On Wed, Mar 03, 2021 at 01:43:09PM +0200, Nir Soffer wrote:
On Wed, Mar 3, 2021 at 1:00 PM Richard W.M. Jones
<rjones(a)redhat.com> wrote:
On Mon, Mar 01, 2021 at 06:57:44PM +0200, Nir Soffer wrote:
> This function is called only from page_cache_evict(), which already
> check that we could map the cached pages. Add an assert to document this
> assumption.
>
> Signed-off-by: Nir Soffer <nsoffer(a)redhat.com>
> ---
> copy/file-ops.c | 21 +++++++++++----------
> 1 file changed, 11 insertions(+), 10 deletions(-)
>
> diff --git a/copy/file-ops.c b/copy/file-ops.c
> index 0995e92..57999cb 100644
> --- a/copy/file-ops.c
> +++ b/copy/file-ops.c
> @@ -94,7 +94,7 @@ page_size_init (void)
> /* Load the page cache map for a particular file into
> * rwf->cached_pages. Only used when reading files. This doesn't
> * fail: if a system call fails then rwf->cached_pages.size will be
> - * zero which is handled in page_was_cached.
> + * zero which is handled in page_cache_evict.
> */
> static inline void
> page_cache_map (struct rw_file *rwf, int fd, int64_t size)
> @@ -118,19 +118,16 @@ page_cache_map (struct rw_file *rwf, int fd,
int64_t size)
> munmap (ptr, size);
> }
>
> -/* Test if a single page of the file was cached before nbdcopy ran. */
> +/* Test if a single page of the file was cached before nbdcopy ran.

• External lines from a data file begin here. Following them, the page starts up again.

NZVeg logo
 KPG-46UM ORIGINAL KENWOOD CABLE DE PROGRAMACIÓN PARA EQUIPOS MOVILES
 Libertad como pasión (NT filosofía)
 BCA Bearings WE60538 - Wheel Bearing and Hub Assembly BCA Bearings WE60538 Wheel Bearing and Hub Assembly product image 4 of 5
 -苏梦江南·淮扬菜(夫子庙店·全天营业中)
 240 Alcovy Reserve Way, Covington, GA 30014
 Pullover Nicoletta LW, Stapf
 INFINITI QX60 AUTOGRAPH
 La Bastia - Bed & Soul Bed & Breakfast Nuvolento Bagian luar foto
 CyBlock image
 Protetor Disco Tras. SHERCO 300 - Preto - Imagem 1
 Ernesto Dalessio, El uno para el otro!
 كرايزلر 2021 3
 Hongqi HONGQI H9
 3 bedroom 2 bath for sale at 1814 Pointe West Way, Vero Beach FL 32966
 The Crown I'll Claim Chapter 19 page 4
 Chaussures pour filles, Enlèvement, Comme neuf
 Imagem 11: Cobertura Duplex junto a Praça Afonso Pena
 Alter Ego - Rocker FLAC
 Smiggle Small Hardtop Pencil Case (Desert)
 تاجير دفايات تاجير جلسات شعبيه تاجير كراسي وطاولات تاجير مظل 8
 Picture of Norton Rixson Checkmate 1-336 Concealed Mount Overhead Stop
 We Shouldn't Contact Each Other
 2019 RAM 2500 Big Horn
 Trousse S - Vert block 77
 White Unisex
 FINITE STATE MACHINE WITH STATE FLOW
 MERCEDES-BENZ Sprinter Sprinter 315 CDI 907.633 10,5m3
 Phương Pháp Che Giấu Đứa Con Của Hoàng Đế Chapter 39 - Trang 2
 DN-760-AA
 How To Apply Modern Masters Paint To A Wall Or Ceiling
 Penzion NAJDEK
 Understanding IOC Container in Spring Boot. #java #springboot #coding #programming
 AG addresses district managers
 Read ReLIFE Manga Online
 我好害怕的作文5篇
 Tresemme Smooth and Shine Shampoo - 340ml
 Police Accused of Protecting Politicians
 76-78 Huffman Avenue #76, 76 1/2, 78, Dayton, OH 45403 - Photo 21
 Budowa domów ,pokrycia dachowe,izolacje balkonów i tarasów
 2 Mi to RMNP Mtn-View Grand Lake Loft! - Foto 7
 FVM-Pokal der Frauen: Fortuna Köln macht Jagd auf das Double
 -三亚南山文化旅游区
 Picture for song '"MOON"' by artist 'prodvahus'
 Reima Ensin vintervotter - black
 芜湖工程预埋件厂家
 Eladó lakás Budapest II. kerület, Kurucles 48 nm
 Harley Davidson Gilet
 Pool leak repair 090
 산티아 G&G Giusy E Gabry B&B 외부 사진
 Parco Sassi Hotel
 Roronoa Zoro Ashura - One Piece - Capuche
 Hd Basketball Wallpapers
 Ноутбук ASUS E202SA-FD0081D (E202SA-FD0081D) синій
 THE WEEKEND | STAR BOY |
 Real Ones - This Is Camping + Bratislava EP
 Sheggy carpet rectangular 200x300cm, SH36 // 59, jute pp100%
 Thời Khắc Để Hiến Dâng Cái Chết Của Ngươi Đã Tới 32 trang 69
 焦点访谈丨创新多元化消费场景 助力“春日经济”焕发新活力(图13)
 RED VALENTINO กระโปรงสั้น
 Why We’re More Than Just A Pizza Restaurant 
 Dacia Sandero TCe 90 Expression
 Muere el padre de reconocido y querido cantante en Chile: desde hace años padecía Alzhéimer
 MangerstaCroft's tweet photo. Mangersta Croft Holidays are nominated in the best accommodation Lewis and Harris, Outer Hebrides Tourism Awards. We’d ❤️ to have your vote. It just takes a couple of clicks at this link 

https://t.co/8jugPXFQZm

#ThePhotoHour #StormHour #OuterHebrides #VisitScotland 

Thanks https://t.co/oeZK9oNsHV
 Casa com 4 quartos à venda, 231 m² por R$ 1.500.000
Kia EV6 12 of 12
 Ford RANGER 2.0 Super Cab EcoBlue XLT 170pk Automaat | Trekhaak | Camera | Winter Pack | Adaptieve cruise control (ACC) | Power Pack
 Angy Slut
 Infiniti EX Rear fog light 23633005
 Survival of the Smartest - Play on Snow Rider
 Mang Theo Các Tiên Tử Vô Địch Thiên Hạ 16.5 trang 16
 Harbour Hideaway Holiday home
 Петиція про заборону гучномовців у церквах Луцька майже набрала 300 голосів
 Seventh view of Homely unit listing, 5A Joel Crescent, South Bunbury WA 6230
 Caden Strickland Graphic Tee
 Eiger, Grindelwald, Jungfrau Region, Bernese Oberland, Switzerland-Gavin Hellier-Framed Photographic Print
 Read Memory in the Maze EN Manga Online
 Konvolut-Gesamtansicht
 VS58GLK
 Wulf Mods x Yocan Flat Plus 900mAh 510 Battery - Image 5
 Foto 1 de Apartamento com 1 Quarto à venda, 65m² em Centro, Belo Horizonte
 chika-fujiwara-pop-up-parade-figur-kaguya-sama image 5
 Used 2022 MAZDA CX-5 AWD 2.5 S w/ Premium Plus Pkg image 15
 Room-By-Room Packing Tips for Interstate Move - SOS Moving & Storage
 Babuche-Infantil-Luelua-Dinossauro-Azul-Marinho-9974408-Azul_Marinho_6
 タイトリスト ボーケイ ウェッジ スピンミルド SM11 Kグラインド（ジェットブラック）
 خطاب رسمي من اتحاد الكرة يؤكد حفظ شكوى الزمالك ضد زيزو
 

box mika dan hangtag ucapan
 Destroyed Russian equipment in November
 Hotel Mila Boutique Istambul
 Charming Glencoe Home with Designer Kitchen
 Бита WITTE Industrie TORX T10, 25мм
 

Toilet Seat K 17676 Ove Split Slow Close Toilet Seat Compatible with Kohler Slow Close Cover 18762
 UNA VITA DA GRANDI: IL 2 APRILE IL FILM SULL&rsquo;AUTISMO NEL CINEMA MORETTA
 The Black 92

> + * Valid only if we mapped the cached pages.
> + */
> static inline bool
> page_was_cached (struct rw_file *rwf, uint64_t offset)
> {
> uint64_t page = offset / page_size;
> - if (page < rwf->cached_pages.size)
> - return (rwf->cached_pages.ptr[page] & 1) != 0;
> - else
> - /* This path is taken if we didn't manage to map the input file
> - * for any reason. In this case assume that pages were mapped so
> - * we will not evict them: essentially fall back to doing nothing.
> - */
> - return true;w
> + assert (page < rwf->cached_pages.size);
This assert fires, but only on Fedora ppc64le. This is the only
architecture with 64K pages, I don't know if that is relevant or not.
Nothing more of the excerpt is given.